Teams often try to speed up that process. Yet, the developer usually run some of that locally, and the job runs those steps again when the PR is created.
I am wondering if there could be a way to _prove_ that you've run a series of step locally so that the CI job can bypass those steps?
I thought that maybe a cryptographic string could be generated only by running a build, commit this, and this string could be verified without having to run the build again (easy to check, hard to generate).
(maybe something like a private key + commit hash + signature generated only by running the build, and the server checks the signature validity. Or maybe something from the blockchain?)
You cannot trust developer machine consistency or integrity, like never trusting user input in an app. Best to have a controlled build environment. CI is cheap all things considered, much cheaper than a supply chain exploit
I've been using Dagger more, and there is the potential to share the cache between developer machines and CI, which in theory would address your "remove duplication of work" idea, while also supporting Sigstore features.

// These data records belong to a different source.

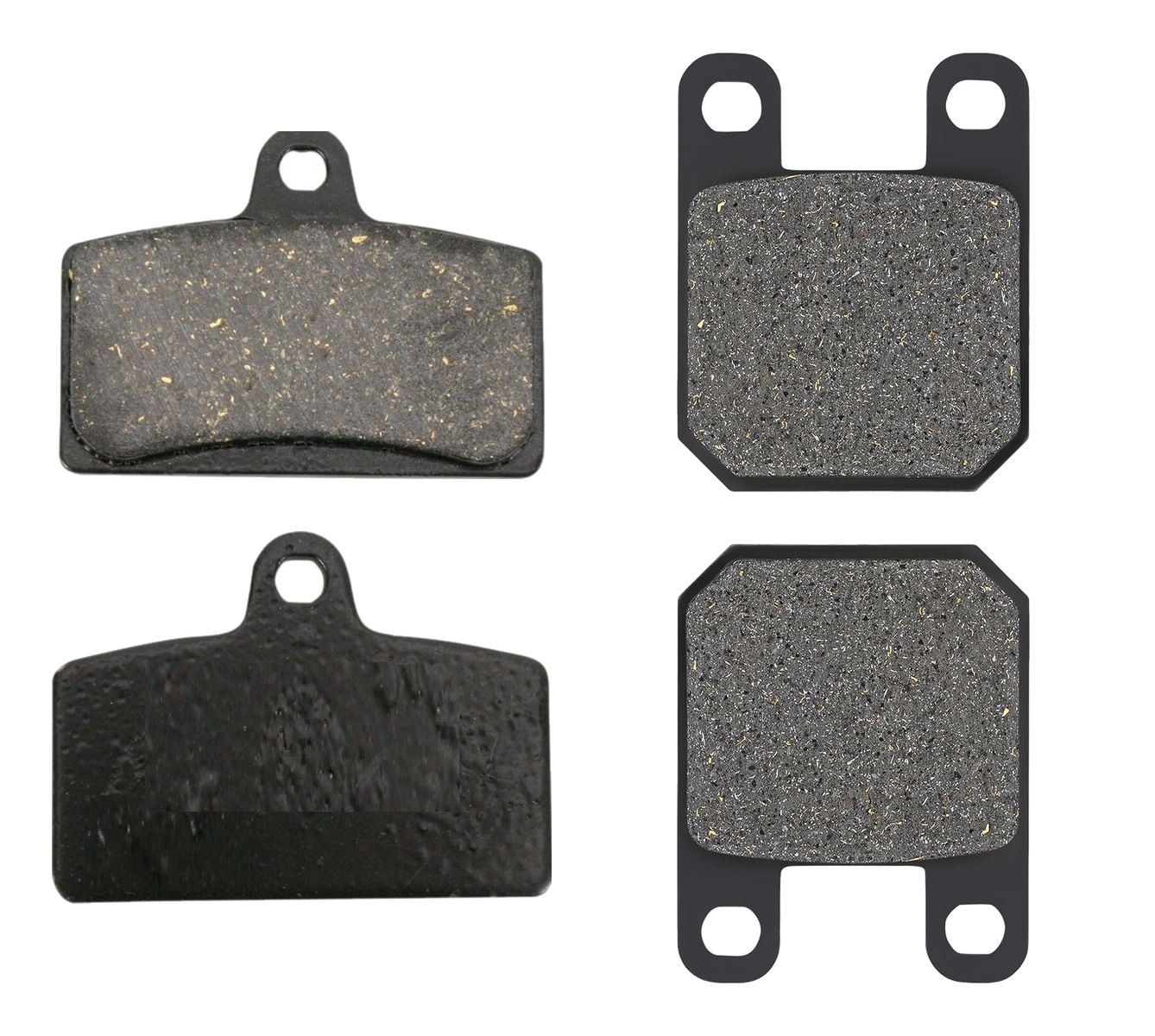 2 Kit plaquettes frein Raven RAV-103-173 Derbi GPX1 50 Avant et Arrièretitle=Forme et couleur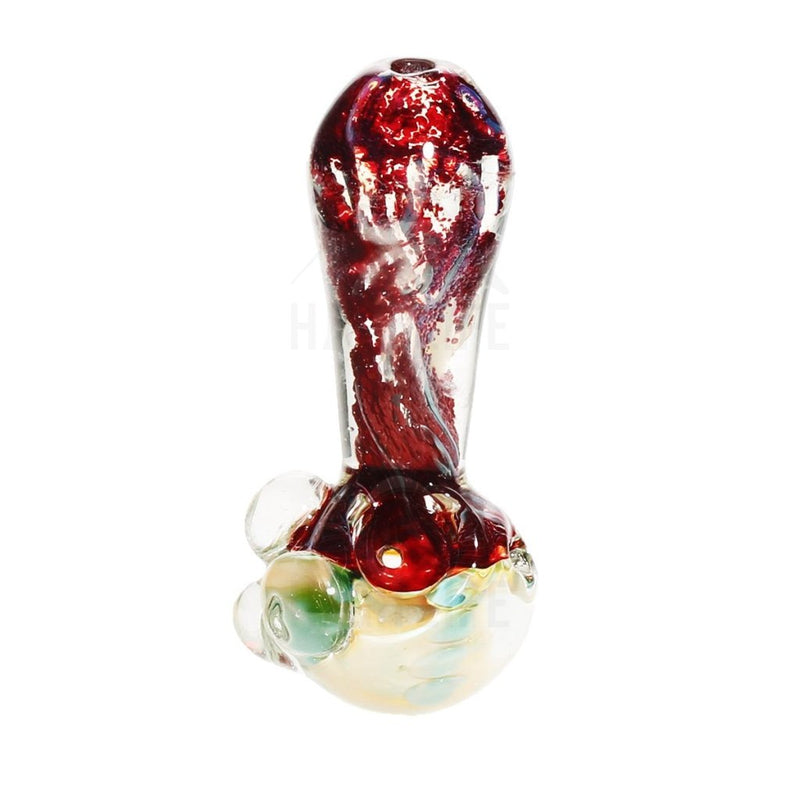 6 Fume Frit Hand Pipe With Marbles Pipes
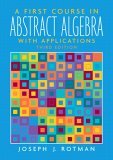 First Course in Abstract Algebra  cover art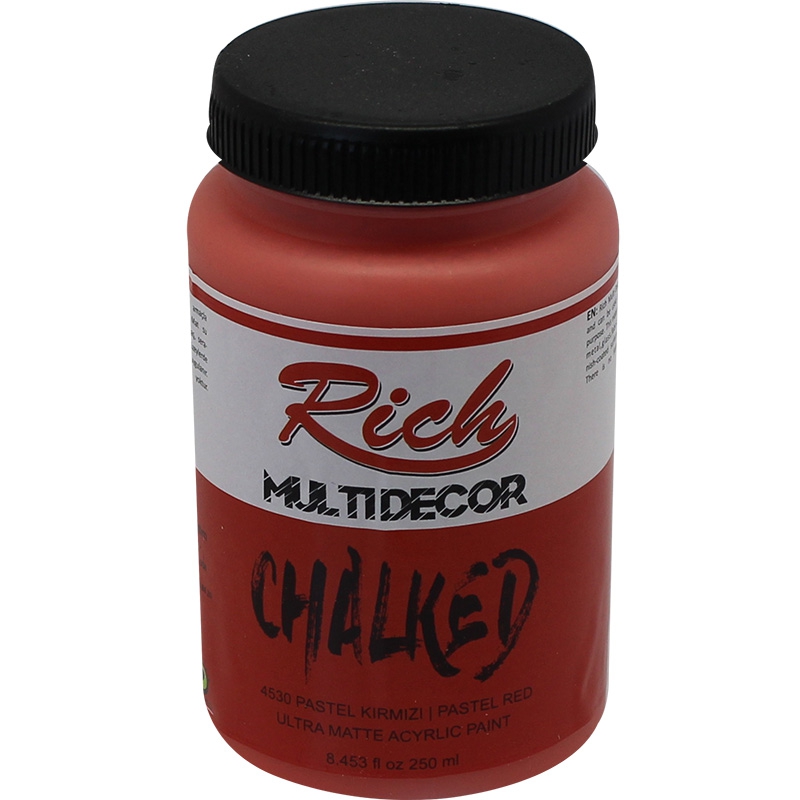 Rich Multi Decor Chalked Akrilik 250 cc - 4530 Pastel Kırmızı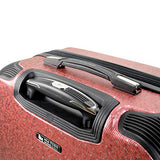 Mia Toro Italy Ofena Hardside 26 Inch Spinner Luggage, Red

Lots of local environments also cache certain things or have things preconfigured.
Yes, it's best to speed up the process rather than skipping it.
Unless we're in the C/C++/Rust/etc space, the whole process should be relatively quick. Otherwise something else is wrong.
On the other hand, you're missing half the benefits of the CI by not ensuring the tests run in a common, predictable environment. The tests may pass for the developer but not elsewhere by accident.